Policy-relevant roles of incompleteness

For many policy practitioners, incompleteness is the stuff of their working lives. At any point, problems remain to be addressed, obstacles surmounted, and goals attained, along with fires to put out, constraints to be lifted, objectives to be met, missions to be fulfilled, and crises to be faced. These policy and management worlds become one in terms of unwanted interruptions, and interruptions make for unfinished business. The only thing not interrupted are disasters, which is why they are so often described as “complete.”

Briefly put, issue incompleteness is the persistence of unfinished business for policymakers, politicians and policy analysts. Granted, interruptions can arise out of complexity and leave us with uncertainty and, of course, tasks do get done of sorts. A few things even turn out better than we could have hoped for. Fires are contained, problems handled, goals addressed, objectives recongized–work does get done. But–and this is the point–our policy worlds are recognizably incomplete and unfinished for all that.

This point has to be pushed further, though. All manner of granularities and context are involved when it comes to managing or coping ahead with the interruptions and unfinished business.

I

There is a sense in which each of our mental models of a complex policy and management issue always unfinished, if it matters to us. By way of example, Jean Cocteau, French litterateur, records the following interchange of composer, Darius Milhaud:

[Milhaud] shows his old housekeeper a very faithful painting of the great square at Aix.
You see, it’s the square at Aix.
Answer: ‘I don’t know.’
What? You don’t recognize the square at Aix?
‘No sir, because I’ve never seen it painted before.’

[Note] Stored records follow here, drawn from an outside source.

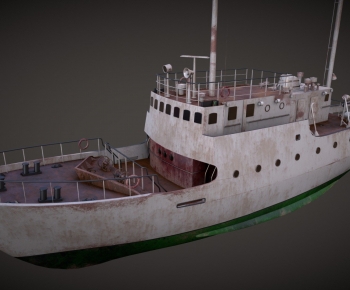 Modern Ship-ID:132071025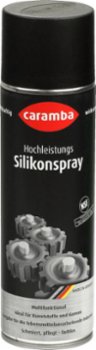 CARAMBA Silikon-Spray 500ml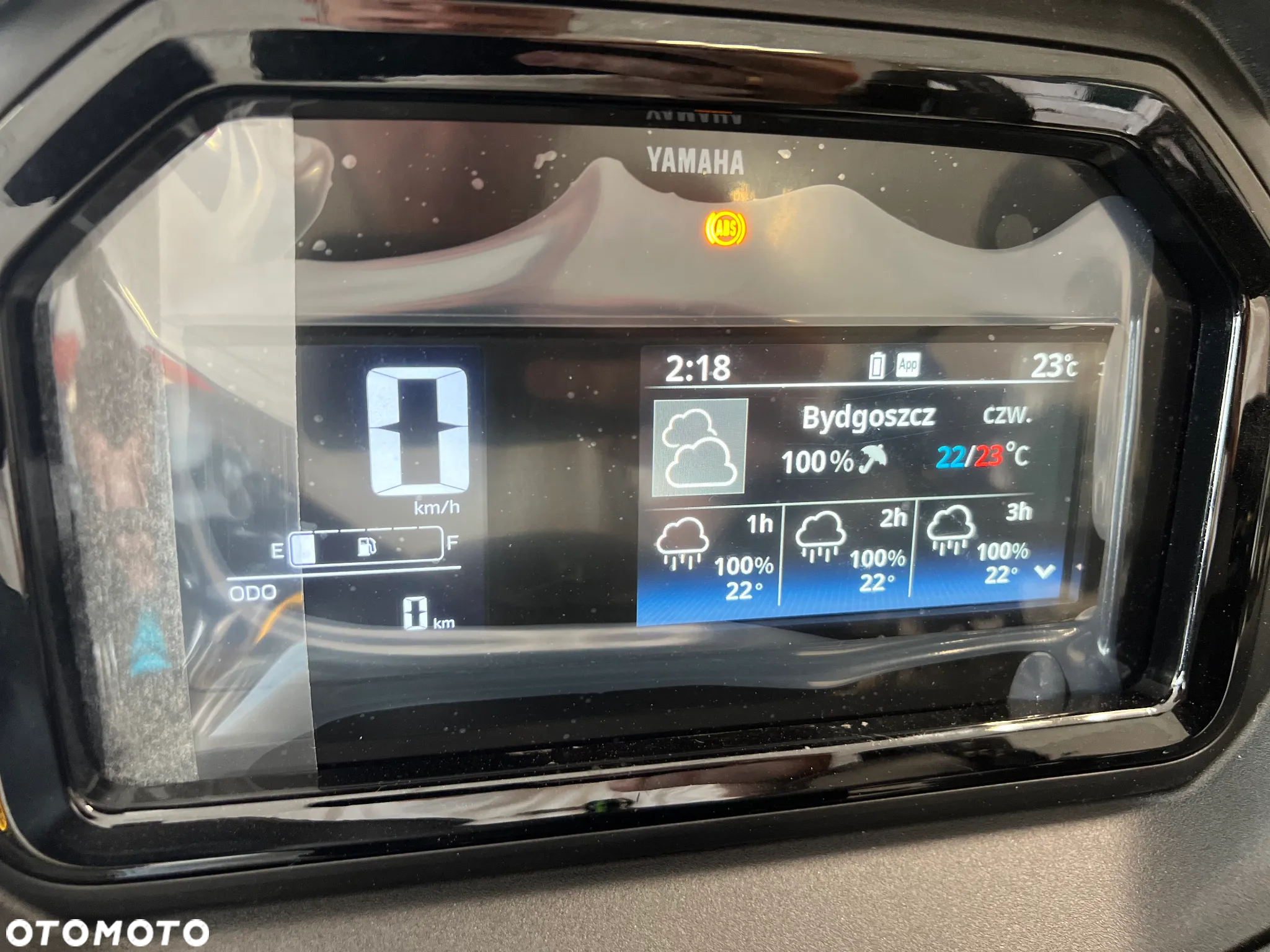 Yamaha X-max - 37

The rub isn’t how well the painting (or any representation for that matter) depicts that which it is a painting of, but rather that representations problematize recognition itself. Moving toward uncertainty (from the direction of certainty–we’ve seen the square–or from the direction of unstudied conditions–but never before as painted) means not only that we have a better appreciation of reality as contingent, provisional or messy. We also end up seeing how the incompletion of representation drives the very production of more representation.

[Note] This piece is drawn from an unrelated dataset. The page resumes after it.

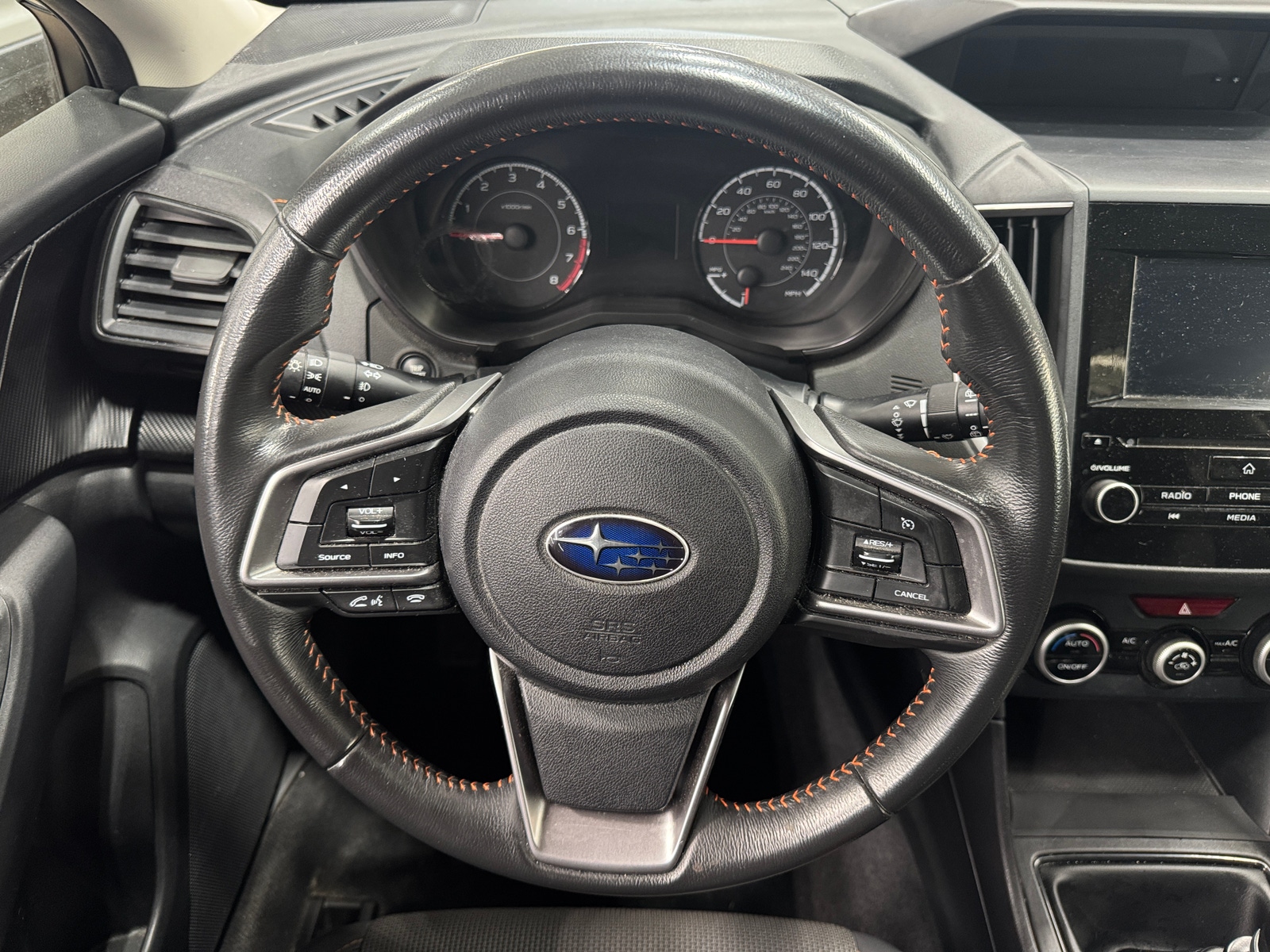 Thumbnail: 2020 Subaru Crosstrek - 5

Of the original Venus De Milo statue, Cocteau asks, “Suppose a farmer finds the arms. To whom do they belong? To the farmer or to the Venus de Milo?” Or to something or someone altogether different? To ask the latter question is to open up incompletion, where knowledge is unsettled and knowledgeable gives way to inexperience.

II

Is this sense of incompleteness at the micro level the felt part of an irreducible particularity of being, that sense we never body forth as representative or total? George Steiner recounts a childhood experience:

. . .if there are in this obscure province of one small county (diminished Austria) so many coats of arms, each unique, how many must there be in Europe, across the globe? I do not recall what grasp I had, if any, of large numbers. But I do remember that the word ‘millions’ came to me and left me unnerved. How was any human being to see, to master this plurality? Suddenly, it came to me, in some sort of exultant but also appalled revelation, that no inventory, no heraldic encyclopedia, no summa of fabled beasts, inscriptions, chivalric hallmarks, however compendious, could ever be complete.

But what is to be learned from a run of such individual experiences across more diverse people?

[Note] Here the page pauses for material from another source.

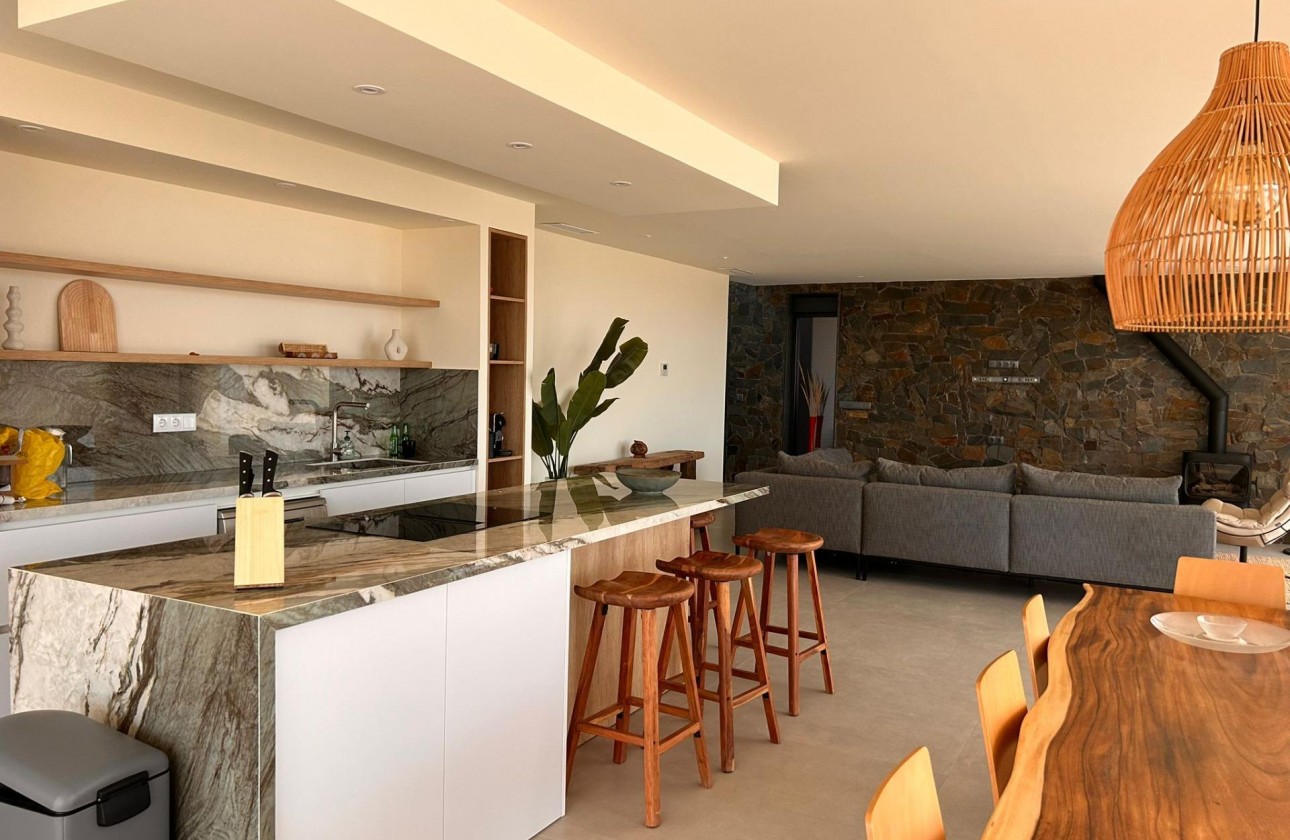 Nouvelle construction - Villa - Pinoso - Casas Pastor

As I understand it, this diversity means no single or new representation could ever complete social reality or erase the initial condition that other recastings are both irresistibly forthcoming and inescapably required. Yes, the photograph recasts the way racing horses were portrayed compared to earlier paintings of them; no, the photograph is not the only or exhaustive way to portray racing horses. So for the policy and management worlds.

III

In those worlds, we have the techno-managerial elite still talking like this. “If people acted at the level of rationality presumed in standard economics textbooks, the world’s standard of living would be measurably higher,” assured Alan Greenspan, former chair of the US Federal Reserve.

So what if really-existing markets are one of the most diverse and hybridized of social institutions? So what’s wrong with believing that the answer to always-incomplete regulation must be always-incomplete markets?

Suspended somewhere between the always-incomplete pull of utopia and the never-good enough push from dystopia is more like the policy and management realism we–you and I–know and experience.